I do this with this structure:
typedef struct tagCCONNECTIONS { char binuse; struct sockaddr_in client; SOCKET socket; unsigned short media_index; UINT32 media_ts; long ssrc; unsigned long long lasttimestamp; int frames_buffered; int buffer_building; int starttime; int ssctr; struct { short pcm[160]; } jb[AUDIO_BUFFER]; char jbstatus[AUDIO_BUFFER]; char jbsilence[AUDIO_BUFFER]; int jbr,jbw; short pcms[160]; char status; PCMS *outraw; char *signal; WAVEHDR *preparedheaders; DIALOGITEM *primary; int readptr; int writeptr; } CCONNECTIONS;
Ok, pay attention to the element struct tagCCONNECTIONS :: jbsilence [AUDIO_BUFFER]. Thus, for each decoded sound frame in tagCCONNECTIONS :: jb [x] .pcm [] there is corresponding data on whether this frame is heard or not.
This means that for each sound frame that needs to be played back, we have information about whether this frame is audible.
Also...
#define READY 1 #define EMPTY 0
The tagCCONNECTIONS :: jbstatus [AUDIO_BUFFER] field tell us if the specific sound frame that we are thinking of playing is READY or EMPTY. In the theoretical case of a buffer overflow, it MAY be empty, and in this case we usually expect it to be READY, and then start playing ...
Now in my program that plays audio ... I have two main functions. One of them is called pushframe () and one is called popframe ().
My thread, which opens a network connection and receives pushframe () RTP calls, which converts muLaw to PCM, calculates the amplitude of the AVERAGE ABSOLUTE frame and marks it as silent if it is not audible, and marks :: jbstatus [x] as DONE
Then, in my audio stream, we first check if the jitterbuffer timed out,
if ( ( GetTickCount64() - x ) > jitterbuffer ) {...}
Then we check whether the next frame that will be played is READY (this means that it really was full).
Then we check if the frame is AFTER THE FRAME IS READY, AND IF IT IS SIGNIFICANT OR QUIET!
*** IMPORTANT
Basically, we know that a 200 ms jitter buffer can contain ten 20 ms sound frames.

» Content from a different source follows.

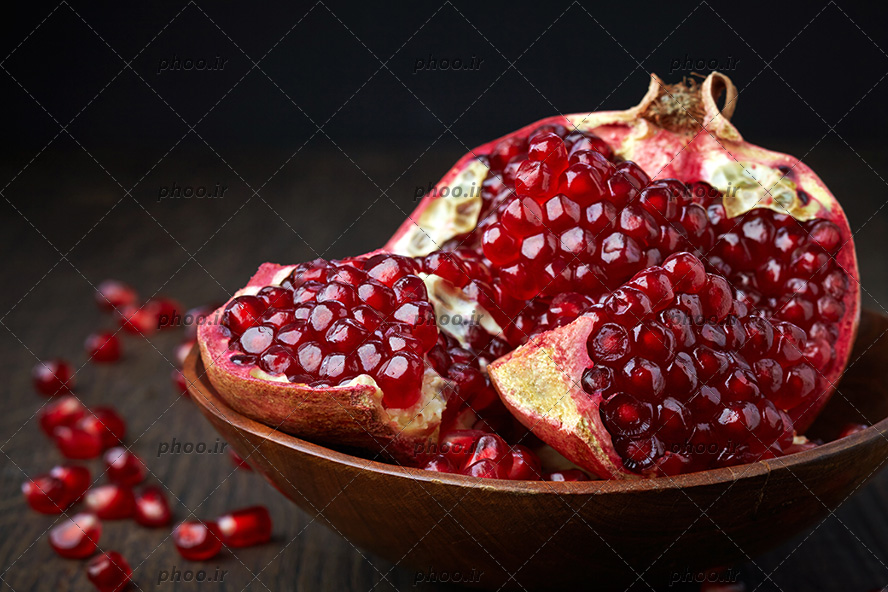 انار نصف شده در ظرف بر روی میز چوبی با دانه های قرمز انار در اطراف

If at any moment after the initial delay of the jitter buffer by 200 ms (sound preservation) the number of queued audio frames falls below 10 (or jitterbuffer / 20), we go on to what I call the "buffer_building" mode. Where, if the next sound frame that we plan to play is silent, we tell the program that the jitter buffer is not full yet, it is still at a distance of 20 milliseconds from the full one, but we go ahead and play in the frame that we now, because it is a NEXT frame, we see that it is โquietโ ... again. We simply do not play the silent frame and use the silence period to wait on the incoming frame to replenish our buffer.
tagCCONNECTIONS::lasttimestamp = GetTickCount64() - (jitterbuffer-20);
This will have a period of complete silence during what would be โacceptedโ silence, but allows the buffer to replenish itself. Then, when I fill the full 10 frames again, I exit buffer_building mode and just play the audio.

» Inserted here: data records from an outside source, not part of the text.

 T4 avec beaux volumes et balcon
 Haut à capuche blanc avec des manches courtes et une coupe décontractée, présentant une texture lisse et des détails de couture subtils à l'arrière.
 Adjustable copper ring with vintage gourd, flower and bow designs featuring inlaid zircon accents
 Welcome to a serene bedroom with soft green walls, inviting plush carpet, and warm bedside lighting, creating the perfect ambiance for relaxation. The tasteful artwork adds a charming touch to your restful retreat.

I enter the "buffer_building" mode, even if we have a short frame from a full buffer, because a person with a long branch can talk, and there can be a lot of silence. This can lead to fast buffer depletion even in the "buffer_building" mode.
Now ... "What is silence?" I hear you asking. In my mess, I am hard-coded silence like any frame with AVERAGE ABSOLUTE 16 bit PCM amplitude of less than 200. I find it as follows:
int total_pcm_val=0; for (i=0;i<160;i++) { total_pcm_val+=ABS(cc->jb[jbn].pcm[i]); } total_pcm_val/=160; if (total_pcm_val < 200) { cc->jbsilence[jbn] = 1; }
Now I intend to maintain the overall average amplitude in this compound and play around, perhaps if the current amplitude of the audio frame we just received is 5% or less of the total average amplitude, then we consider the frame to be silent, or maybe 2% ... I do not know, but if there is a lot of wind or background noise, the definition of "silence" can be adapted. I have to play with this, but I think this is the key to replenishing the jitter buffer.
Do this when there is no important listening information and keep the real information (their voice) crystal clear.
Hope this helps. I'm a little upset when it comes to explaining things, but I am very, very pleased with how my VoIP application sounds.